“You are never sure where this show will take you next, and that’s the best part – it’s exciting, it’s fresh and it’s very Australian … Word of mouth will make this season sell out soon.”
Julia Newbould
4.5 Stars
Classic Penguins
Grand Electric
Until 12 October
Short, not quite sweet is Garry Starr’s journey through some classic Penguins in his quest to save literature from extinction. You see it’s the books, the affordable paperbacks, not our flippered friends of the Antarctic, that inspire this manic comedy.
Seeing Starr dressed in tails, flippers, top hat, and an Elizabethan ruff, is already funny.

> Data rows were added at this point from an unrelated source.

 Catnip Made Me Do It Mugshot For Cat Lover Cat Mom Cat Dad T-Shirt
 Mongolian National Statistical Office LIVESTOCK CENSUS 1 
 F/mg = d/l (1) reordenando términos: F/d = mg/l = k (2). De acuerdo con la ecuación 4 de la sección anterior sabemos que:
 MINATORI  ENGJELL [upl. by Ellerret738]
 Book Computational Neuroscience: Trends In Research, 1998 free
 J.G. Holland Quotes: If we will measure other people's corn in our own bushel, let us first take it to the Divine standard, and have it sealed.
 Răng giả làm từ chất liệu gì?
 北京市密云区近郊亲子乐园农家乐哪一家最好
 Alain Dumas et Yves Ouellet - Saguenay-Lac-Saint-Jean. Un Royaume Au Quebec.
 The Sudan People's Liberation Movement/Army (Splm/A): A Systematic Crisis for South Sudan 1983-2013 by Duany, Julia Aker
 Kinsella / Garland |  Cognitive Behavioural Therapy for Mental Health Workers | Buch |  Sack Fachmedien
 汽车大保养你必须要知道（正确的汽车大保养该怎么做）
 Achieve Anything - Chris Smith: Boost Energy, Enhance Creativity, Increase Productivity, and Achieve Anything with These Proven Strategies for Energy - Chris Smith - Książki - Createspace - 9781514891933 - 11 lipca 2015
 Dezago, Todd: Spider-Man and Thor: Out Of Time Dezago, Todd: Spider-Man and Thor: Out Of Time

The show begins with a full shelf of popular Penguin books. Starr pulls them out one at a time, and with each title he performs some sort of cleverly contrived tribute.
There’s Moby Dick – think Moby; think dick. Spoiler alert: there’s a lot of dick in the performance.
He takes us from Frankenstein to Dracula to The Handmaid’s Tale in a neat linear journey with some clowning and physical comedy.
Breakfast at Tiffany’s features a balletic interpretation to Moon River…with an emphasis on mooning.
From his first flippered footsteps on the stage, Starr makes the audience laugh. And the laughs grow as the performance progresses.
Classic Penguins is a 70-minute whirlwind escapade through his Penguins – some with predictable interpretations and others not quite. At one point he starts singing Bohemian Rhapsody, and then we all join in.
It’s a show which is enriched with audience participation – some gentle, some not so much. At one point he asks for someone from the audience with very low personal hygiene standards – amazingly, someone volunteers. For another volunteer he produces a latex glove – again, the volunteer sticks around to perform his task.
At first there were some awkward faces in the audience. We don’t know what is likely to happen next, and the book titles don’t always provide the most obvious hints. But as the show progresses, everyone has settled in for the ride.
Starr’s arc moves seamlessly from one title to the next: some with song, some with actions, some with volunteers, and all sans pants. This is a tightly scripted clever comedy.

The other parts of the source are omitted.